JACOB: I think these were the major themes of my life the last 10 years. 

It’s funny because now I feel like i’m at the dawn of a new phase of life with very different themes – responsibility, balance, joyfulness, resilience. 

Everything up until now has been very much about freedom, identity and desire.

I think I felt very limited, constricted and restrained as a teenager.

I was on a confusing journey with sexuality and with my religious identity as a Jewish man. I had hidden myself under many layers of shame and pain, buried myself under the chips on my shoulder. 

When I moved to Israel at the age of 22, it felt like I was bursting at the seams, searching desperately for any kind of wisdom, experience, or relationship that would open me up, that would make me feel liberated, seen, loved. validated. 

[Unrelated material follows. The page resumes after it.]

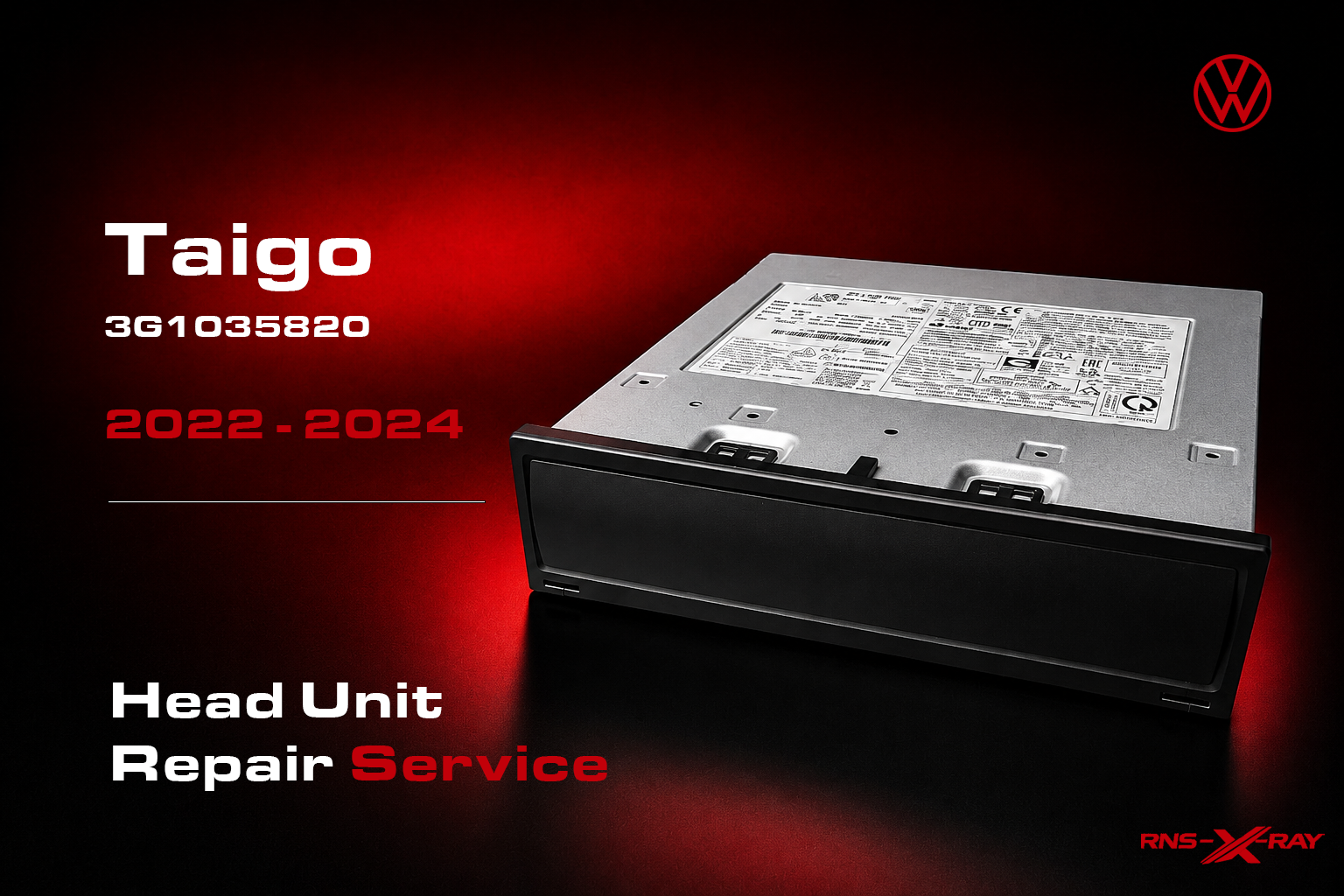 VW Taigo MIB3 / MOI3 3G1035820 Head Unit Repair Service (2022–2024)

Son Called Moon became this pure and mystical artistic space in which I was processing this spiritual journey, unpacking my own mental and emotional scaffolding, and ultimately writing my own story,  in the way that I wanted it to unfold.

HAPPY: You adopt the persona of the moon and chart your relationship with the sun. How did you develop this narrative, and what does it represent for you?

JACOB: The original seed of the story was about a guru and a disciple who struggle for power, for intimacy, and ultimately, seek unity and oneness. 

The idea was a story of a very unique relationship between two mystical beings who, in the end, discover that they are two halves of the same soul. 

Ultimately, the story settled in a cleaner version of two beings, Moon and Sun, whose relationship tells the story of the journey from manipulation and control, to partnership and vulnerability.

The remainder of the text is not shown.